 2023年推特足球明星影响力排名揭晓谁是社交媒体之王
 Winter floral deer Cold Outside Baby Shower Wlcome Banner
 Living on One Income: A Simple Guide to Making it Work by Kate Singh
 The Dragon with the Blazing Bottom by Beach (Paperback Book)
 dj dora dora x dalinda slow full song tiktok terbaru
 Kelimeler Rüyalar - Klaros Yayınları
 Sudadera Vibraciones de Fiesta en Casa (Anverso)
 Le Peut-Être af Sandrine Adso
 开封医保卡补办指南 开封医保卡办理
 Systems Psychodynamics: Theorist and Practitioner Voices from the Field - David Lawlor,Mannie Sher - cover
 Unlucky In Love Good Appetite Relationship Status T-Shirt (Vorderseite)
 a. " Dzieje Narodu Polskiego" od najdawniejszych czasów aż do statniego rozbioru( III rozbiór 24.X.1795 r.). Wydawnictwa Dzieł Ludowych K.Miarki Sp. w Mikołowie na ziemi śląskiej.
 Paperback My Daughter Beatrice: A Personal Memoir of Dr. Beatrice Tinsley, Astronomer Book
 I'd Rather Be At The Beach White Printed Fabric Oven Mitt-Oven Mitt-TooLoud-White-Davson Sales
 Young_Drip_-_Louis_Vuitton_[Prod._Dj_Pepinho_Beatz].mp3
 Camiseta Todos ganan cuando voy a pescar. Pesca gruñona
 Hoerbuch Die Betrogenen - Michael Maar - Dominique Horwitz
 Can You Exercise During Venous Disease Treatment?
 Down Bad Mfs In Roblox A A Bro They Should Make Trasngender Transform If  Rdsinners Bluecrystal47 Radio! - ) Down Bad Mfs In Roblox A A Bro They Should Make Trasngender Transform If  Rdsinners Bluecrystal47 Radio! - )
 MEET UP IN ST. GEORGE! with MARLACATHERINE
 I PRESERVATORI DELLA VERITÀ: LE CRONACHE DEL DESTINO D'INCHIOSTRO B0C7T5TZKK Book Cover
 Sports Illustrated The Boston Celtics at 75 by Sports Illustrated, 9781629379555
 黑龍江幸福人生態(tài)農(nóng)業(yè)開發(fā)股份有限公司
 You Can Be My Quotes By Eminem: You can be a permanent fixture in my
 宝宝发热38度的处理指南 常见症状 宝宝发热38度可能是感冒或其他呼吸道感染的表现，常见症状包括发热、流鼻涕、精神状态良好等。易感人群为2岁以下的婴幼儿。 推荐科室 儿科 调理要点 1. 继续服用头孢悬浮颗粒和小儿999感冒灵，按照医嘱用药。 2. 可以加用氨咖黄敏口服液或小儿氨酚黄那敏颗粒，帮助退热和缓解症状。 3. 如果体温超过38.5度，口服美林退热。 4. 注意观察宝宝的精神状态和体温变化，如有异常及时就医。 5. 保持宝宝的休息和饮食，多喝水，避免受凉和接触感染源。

### [Work order]
Lines from the one containing "Camiseta Todos ganan" through the last line of the data above are the only output wanted; restate them exactly.

### [Result]
 Camiseta Todos ganan cuando voy a pescar. Pesca gruñona
 Hoerbuch Die Betrogenen - Michael Maar - Dominique Horwitz
 Can You Exercise During Venous Disease Treatment?
 Down Bad Mfs In Roblox A A Bro They Should Make Trasngender Transform If  Rdsinners Bluecrystal47 Radio! - ) Down Bad Mfs In Roblox A A Bro They Should Make Trasngender Transform If  Rdsinners Bluecrystal47 Radio! - )
 MEET UP IN ST. GEORGE! with MARLACATHERINE
 I PRESERVATORI DELLA VERITÀ: LE CRONACHE DEL DESTINO D'INCHIOSTRO B0C7T5TZKK Book Cover
 Sports Illustrated The Boston Celtics at 75 by Sports Illustrated, 9781629379555
 黑龍江幸福人生態(tài)農(nóng)業(yè)開發(fā)股份有限公司
 You Can Be My Quotes By Eminem: You can be a permanent fixture in my
 宝宝发热38度的处理指南 常见症状 宝宝发热38度可能是感冒或其他呼吸道感染的表现，常见症状包括发热、流鼻涕、精神状态良好等。易感人群为2岁以下的婴幼儿。 推荐科室 儿科 调理要点 1. 继续服用头孢悬浮颗粒和小儿999感冒灵，按照医嘱用药。 2. 可以加用氨咖黄敏口服液或小儿氨酚黄那敏颗粒，帮助退热和缓解症状。 3. 如果体温超过38.5度，口服美林退热。 4. 注意观察宝宝的精神状态和体温变化，如有异常及时就医。 5. 保持宝宝的休息和饮食，多喝水，避免受凉和接触感染源。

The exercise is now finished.